Mas de lo que aquí directamente queríamos decir algo es de aquellos tiempos en los que el contemplador se encuentra especialmente ensimismado en Él y cobijado.

El yo ensimismado, todo vuelto hacia el núcleo de sí, todo él recogido en lo esencial de sí, está ensimismado en Él, es decir, el movimiento de recogerse en sí se continúa con un total volcarse en Él y esto por su libre adhesión a la gracia que lo atrae y verdaderamente mueve.

El contemplador se experimenta como retirado a las profundidades últimas, como lazado por Llama de amor que enlazado le sostiene aún durante la actividad más exigente y agobiante. La gracia consiste, justamente, en estar el alma en su morada, sin querer salir de ella y sin abandonarla, aún saliendo a la distancia. Esta gracia es experiencia de unión, aún provisoria y no esencial, pero propedéuticamente significativa. Porque lo que al contemplador se le da saborear es el estar en Dios de un modo continuo que supera los espacios de oración. Aquella experiencia del rayo, que más bien hería al entendimiento y por él a la voluntad, mostrando como nada de lo que existe queda fuera de la relación con Él; ahora, de modo similar pero acotado, se le da a gustar a la voluntad. Ella, por el amor de la Llama que danza en el interior más hondo, en el centro del alma, experimenta que todo su querer ha quedado absorto y recogido en quererlo a Él que la quiere y enlaza y de quien no desea en modo alguno retirarse, y de quien no puede retirarse pues Él la sostiene en su estar toda hacia Él.
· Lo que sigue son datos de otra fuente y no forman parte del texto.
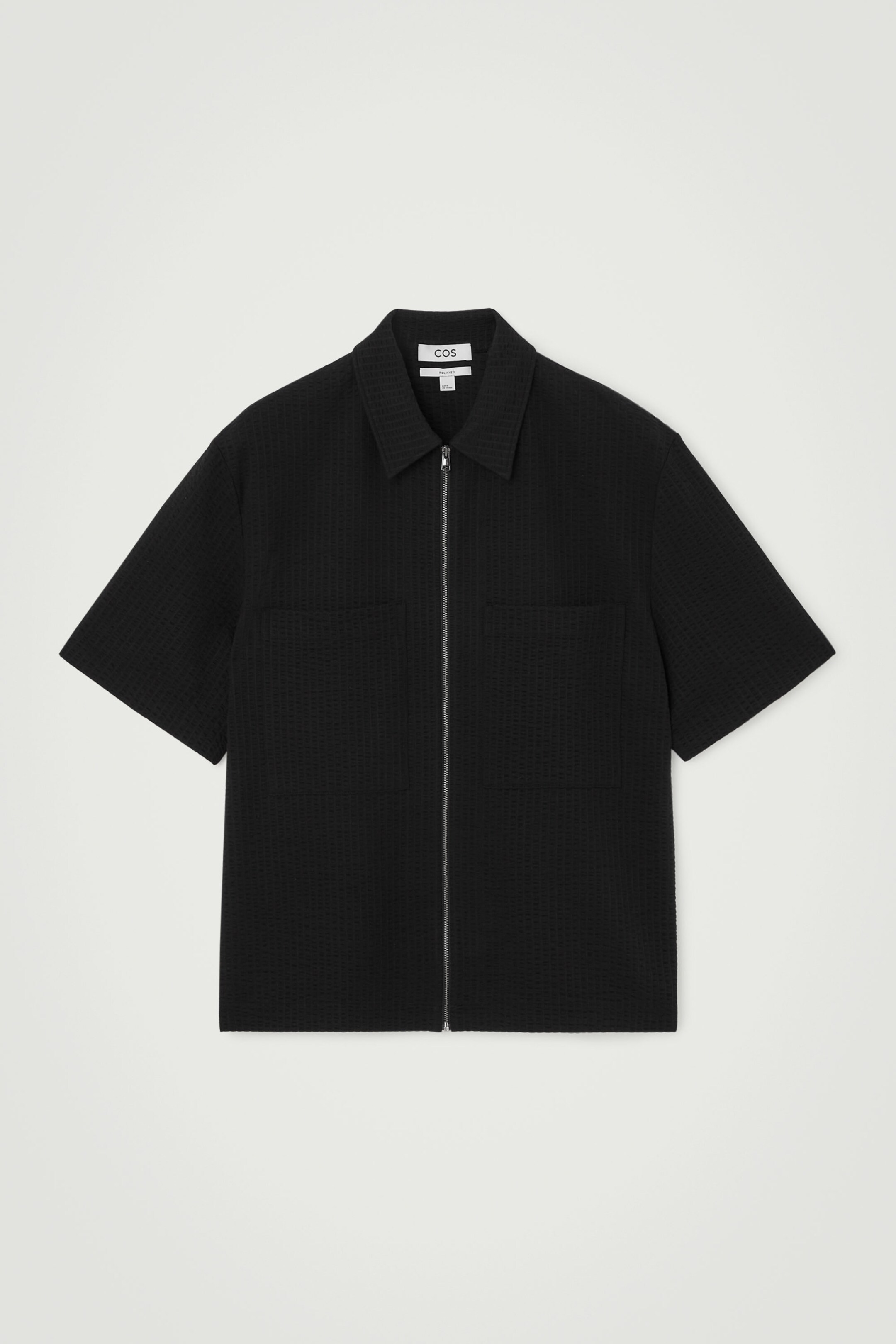 RELAXED SEERSUCKER COTTON ZIPPED SHIRT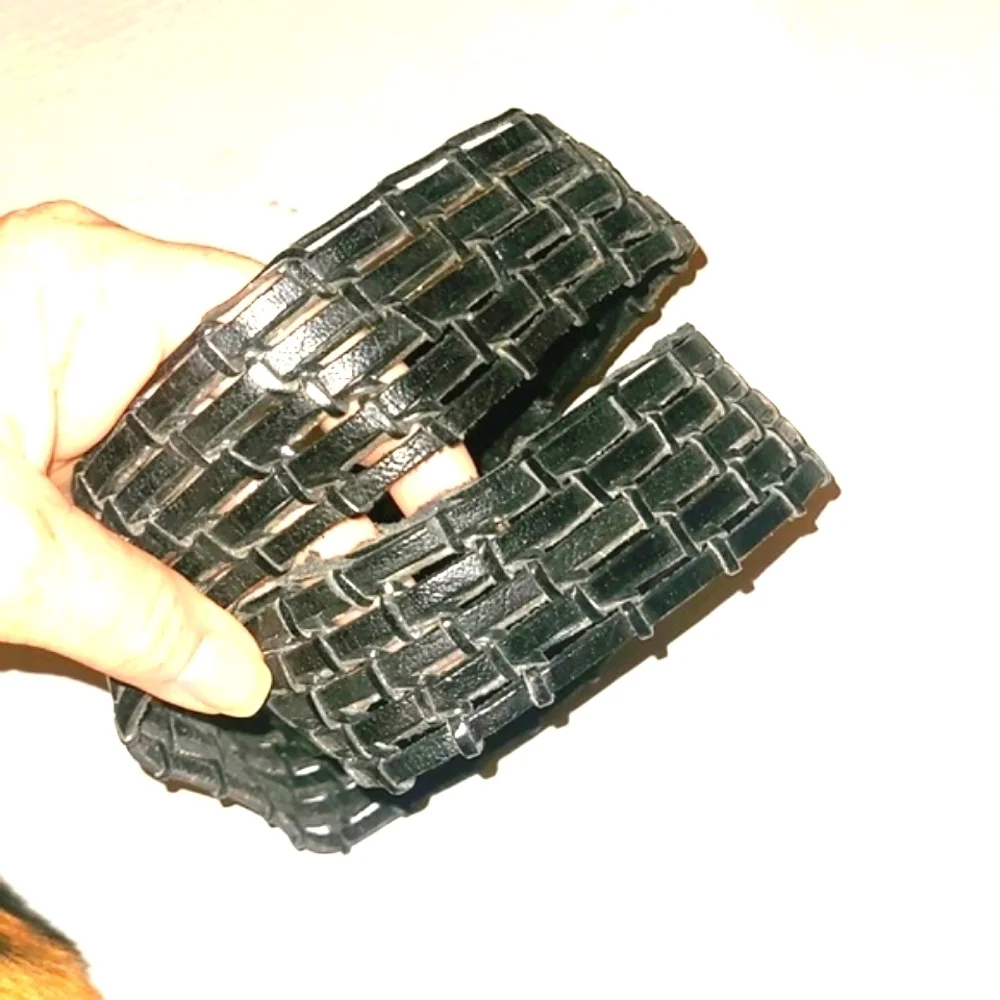 Genuine split leather belt black basket weave size Large 29.5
El contemplador vive en estos tiempos (horas, días o semanas, según Dios quiera) como retirado. Y aunque hace todo lo que habitualmente hace, lo hace como sin estar en ello pues está en Él. Y él sólo lo sabe y lo advierte: tan escondido y delicado es el don. Don que prepara la unión definitiva en la cual la voluntad del contemplador quedará enlazada sin retorno a la voluntad del Amado; unión estable que gustará como primicia de la unión eterna en esta mística unión esponsal.

Generalmente percibe el alma este retiro enlazante frente a los gustos y disgustos: los primeros no le aportan casi ningún sabor, los segundos casi ninguna incomodidad. Mas bien se siente guarecida y cobijada de las tormentas de falsa gloria y de peligrosa fascinación, de las ráfagas de las afrentas y de su hija la queja. Parece que nada de extraordinario pasara fuera de Él que se le da y de ella que lo recibe. Paz y seguridad: toda circunstancia pasará pero esta unión está preñada de eternidad.

Este es el amor que vence al yo, a la tentación y al mundo: tener la mirada fija en el Amado y no poder mirar sino por Él.